Slurmstepd: error: exceeded memory limit


#1

Dear Stan Group,

I have written a clustering algorithm, which takes a dataset as input and run it for a range of cluster sizes and pick the best fitting cluster size. For parameter estimation, this algorithm uses rstan package on Rstudio (v. 1.0.153 and R v. 3.4.1) to run a Monte Carlo Expectation Maximization algorithm via MCMC.

I’m using sampling() function in rstan to run 3 chains in parallel with iterations set to 1000 or more. This algorithm was tested on a Mac Pro computer and gives expected results. The run time per dataset is about 20 hours.

I need to do many simulation studies with this method. So I have reached out to Canada’s high performance computer cluster for students, called Sharcnet. Some info on this cluster: 33448 CPU cores, 1043 nodes, 149 TB RAM. I tried running my code on sharcnet (using --nodes=1, --mem 100000 GB, --cpus-per-task=32).
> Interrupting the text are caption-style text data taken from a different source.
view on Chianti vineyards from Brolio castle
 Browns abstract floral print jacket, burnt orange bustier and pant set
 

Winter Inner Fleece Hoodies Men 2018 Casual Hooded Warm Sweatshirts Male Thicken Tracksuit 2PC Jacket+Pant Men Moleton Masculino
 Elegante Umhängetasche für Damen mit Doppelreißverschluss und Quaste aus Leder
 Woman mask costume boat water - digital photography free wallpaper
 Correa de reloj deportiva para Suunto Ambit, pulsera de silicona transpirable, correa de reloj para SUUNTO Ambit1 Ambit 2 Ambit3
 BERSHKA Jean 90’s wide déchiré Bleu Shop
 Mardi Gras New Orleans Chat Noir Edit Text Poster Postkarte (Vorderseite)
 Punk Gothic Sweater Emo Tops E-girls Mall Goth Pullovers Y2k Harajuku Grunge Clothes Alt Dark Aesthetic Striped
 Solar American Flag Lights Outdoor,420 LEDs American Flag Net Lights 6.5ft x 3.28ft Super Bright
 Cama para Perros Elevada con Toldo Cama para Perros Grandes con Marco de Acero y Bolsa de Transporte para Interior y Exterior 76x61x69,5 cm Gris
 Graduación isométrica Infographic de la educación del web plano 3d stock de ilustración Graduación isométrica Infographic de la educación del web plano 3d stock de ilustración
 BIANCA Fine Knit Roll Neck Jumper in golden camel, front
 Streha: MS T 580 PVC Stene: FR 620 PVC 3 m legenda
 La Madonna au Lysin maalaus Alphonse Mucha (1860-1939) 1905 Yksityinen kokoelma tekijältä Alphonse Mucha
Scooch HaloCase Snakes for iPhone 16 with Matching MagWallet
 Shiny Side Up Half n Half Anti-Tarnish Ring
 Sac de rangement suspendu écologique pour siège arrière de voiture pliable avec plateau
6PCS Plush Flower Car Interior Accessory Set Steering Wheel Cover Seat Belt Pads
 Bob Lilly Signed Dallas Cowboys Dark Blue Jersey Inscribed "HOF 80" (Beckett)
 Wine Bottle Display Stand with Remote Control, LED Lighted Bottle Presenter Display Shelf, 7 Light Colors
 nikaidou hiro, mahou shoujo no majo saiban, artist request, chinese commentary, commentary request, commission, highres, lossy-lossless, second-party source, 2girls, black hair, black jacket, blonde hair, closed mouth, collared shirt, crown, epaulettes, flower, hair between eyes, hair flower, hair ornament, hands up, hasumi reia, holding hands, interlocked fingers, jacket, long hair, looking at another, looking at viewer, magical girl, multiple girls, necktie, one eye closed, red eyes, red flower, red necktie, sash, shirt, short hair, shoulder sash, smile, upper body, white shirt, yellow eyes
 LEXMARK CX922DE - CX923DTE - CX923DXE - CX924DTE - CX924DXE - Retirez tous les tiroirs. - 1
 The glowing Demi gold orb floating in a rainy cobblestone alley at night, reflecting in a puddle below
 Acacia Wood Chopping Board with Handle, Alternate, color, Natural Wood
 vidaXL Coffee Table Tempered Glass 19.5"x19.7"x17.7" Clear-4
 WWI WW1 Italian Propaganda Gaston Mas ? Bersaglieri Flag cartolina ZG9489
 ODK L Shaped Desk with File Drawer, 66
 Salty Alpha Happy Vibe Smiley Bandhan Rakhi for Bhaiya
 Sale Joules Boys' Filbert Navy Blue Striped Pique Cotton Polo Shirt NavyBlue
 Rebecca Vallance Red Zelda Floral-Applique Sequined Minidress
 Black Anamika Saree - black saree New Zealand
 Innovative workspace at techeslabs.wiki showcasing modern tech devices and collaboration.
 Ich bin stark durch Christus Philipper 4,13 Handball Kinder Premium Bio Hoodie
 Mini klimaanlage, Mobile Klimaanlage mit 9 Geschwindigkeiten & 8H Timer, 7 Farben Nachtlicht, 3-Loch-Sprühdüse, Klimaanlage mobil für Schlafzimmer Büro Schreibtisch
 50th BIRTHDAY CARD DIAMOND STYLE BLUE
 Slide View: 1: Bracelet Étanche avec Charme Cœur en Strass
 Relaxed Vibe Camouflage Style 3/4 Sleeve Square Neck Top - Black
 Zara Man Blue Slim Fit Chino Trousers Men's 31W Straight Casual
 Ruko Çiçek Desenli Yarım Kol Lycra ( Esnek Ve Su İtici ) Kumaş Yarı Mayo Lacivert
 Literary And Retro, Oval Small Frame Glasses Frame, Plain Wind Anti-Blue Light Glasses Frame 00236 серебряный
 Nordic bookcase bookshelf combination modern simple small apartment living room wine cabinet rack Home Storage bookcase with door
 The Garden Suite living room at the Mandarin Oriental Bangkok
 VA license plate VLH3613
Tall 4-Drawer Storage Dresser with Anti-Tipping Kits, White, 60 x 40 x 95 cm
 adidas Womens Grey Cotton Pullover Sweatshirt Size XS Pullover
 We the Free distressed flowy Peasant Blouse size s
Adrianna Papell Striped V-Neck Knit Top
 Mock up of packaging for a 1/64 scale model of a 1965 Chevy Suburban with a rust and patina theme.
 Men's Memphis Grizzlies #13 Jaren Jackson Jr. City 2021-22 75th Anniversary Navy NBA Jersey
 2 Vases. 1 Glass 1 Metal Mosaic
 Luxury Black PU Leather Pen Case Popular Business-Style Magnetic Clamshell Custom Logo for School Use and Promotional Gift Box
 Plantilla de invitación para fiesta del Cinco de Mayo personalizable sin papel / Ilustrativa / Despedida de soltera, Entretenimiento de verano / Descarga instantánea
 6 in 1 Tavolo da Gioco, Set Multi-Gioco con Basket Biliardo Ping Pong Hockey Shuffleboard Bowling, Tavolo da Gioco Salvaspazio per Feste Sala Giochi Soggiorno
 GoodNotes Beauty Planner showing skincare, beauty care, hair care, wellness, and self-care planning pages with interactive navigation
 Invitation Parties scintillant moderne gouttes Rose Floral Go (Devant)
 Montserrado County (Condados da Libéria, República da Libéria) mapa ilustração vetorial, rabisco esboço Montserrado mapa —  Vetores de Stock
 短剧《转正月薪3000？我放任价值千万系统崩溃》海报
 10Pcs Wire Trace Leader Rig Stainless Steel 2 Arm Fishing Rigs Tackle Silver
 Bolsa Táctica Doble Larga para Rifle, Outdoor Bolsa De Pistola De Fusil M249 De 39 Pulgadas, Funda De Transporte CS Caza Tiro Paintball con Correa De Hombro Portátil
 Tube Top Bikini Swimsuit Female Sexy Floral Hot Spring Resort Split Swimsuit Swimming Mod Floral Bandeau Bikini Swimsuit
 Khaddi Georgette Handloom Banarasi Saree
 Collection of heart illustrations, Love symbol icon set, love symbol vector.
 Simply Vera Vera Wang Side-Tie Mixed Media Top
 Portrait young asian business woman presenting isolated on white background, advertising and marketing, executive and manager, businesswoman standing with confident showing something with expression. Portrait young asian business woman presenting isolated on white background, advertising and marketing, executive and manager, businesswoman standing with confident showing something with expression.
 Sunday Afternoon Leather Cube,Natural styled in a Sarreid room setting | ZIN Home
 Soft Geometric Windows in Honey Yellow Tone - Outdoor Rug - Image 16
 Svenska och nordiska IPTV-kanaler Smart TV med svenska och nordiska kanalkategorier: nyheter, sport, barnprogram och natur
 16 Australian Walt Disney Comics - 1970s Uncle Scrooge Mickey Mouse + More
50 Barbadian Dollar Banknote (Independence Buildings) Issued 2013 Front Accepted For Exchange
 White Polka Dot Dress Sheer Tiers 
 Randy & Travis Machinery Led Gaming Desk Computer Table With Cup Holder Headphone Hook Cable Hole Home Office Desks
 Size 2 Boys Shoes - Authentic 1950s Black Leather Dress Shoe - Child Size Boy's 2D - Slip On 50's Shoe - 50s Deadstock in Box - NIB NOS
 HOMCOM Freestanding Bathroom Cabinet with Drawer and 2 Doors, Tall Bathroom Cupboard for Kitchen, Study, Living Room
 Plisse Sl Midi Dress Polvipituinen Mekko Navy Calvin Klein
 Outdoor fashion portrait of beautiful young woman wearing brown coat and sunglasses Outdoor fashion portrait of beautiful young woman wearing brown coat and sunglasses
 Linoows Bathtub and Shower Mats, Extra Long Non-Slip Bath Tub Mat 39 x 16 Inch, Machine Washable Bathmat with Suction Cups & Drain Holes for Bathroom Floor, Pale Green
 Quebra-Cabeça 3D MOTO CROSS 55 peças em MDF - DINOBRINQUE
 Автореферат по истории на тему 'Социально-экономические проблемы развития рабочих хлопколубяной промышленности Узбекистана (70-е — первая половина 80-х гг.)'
Unfortunately, since March 2017 I got the following error.

slurmstepd: error: Job 445463 exceeded memory limit (104499848 > 102400000), being killed
slurmstepd: error: Exceeded job memory limit
slurmstepd: error: *** JOB 445463 ON gra600 CANCELLED AT 2017-08-24T18:21:58 ***

I have been trying to solve this issue with Sharcnet and associated scientists. At first we thought it was my own code that was giving the issue. But two days ago, I got this reply from one of the scientists:

“I did a couple of tests jobs in different nodes in our cluster and unfortunately I ran into the same issues with the memory. I know this is not encouraging, but I was also able to discover a few more things… as a matter of fact, I have a theory of what I think might be going on… rstan or the mcmc package you are using is running its own parallelism by launching mclusters, if you monitor the evolution of the job in real-time, you will notice that at some points there hundred (I counted up to 322) processes running each of them using between 0.2 and 1% of the total memory, so you can see how this will add up and basically dry all the memory.
This behavior of R, is apparently known in the community and it appears to be related to the OS, in this cases either graham or SciNet clusters use CentOS Linux OS. It may be the case that your laptop (using macOS) and my workstation which uses an Ubuntu Linux distribution, handle this in a better way or they will just allow swapping (a technique that allows the computer to use disk as if it were memory) which is not available in cluster systems type.
As for possible solutions, one thing is to start looking for alternative ways of performing the mclust parallelism or find a way to take control of all these “left over” processes that R leaves…”

Do you have any suggestions for this issue with rstan?

Thank you very much!


#2

What happens if you call Stan with cores = 1?


#3

Hello @bgoodri

Thank you for the prompt reply. I have tried commenting out the following options when running code in the past.

rstan_options(auto_write = TRUE)
options(mc.cores = parallel::detectCores())

According to R documentation, I believe this means cores option in sampling() function is set to 1 by default. This still produced the same error I wrote earlier.

Do you have any other suggestions?

Thank you.


#4

Does example(mclapply, package = "parallel") work on the Canada cluster?


#5

For a cluster, I’d recommend running CmdStan—it only needs the dynamic memory overhead to compute the log density and gradients—all draws are streamed out. RStan holds onto the draws in memory and requires additional overhead for some copying.

You can use RStan to write the data out (rstan_dump or dump_rstan or something like that) in the form needed for CmdStan. Then you can read the chain output back into R for analysis.

If you run multiple chains in R, it will fire off parallel jobs if you’ve set it that way (the magic incantation is dumped out when it’s loaded into R).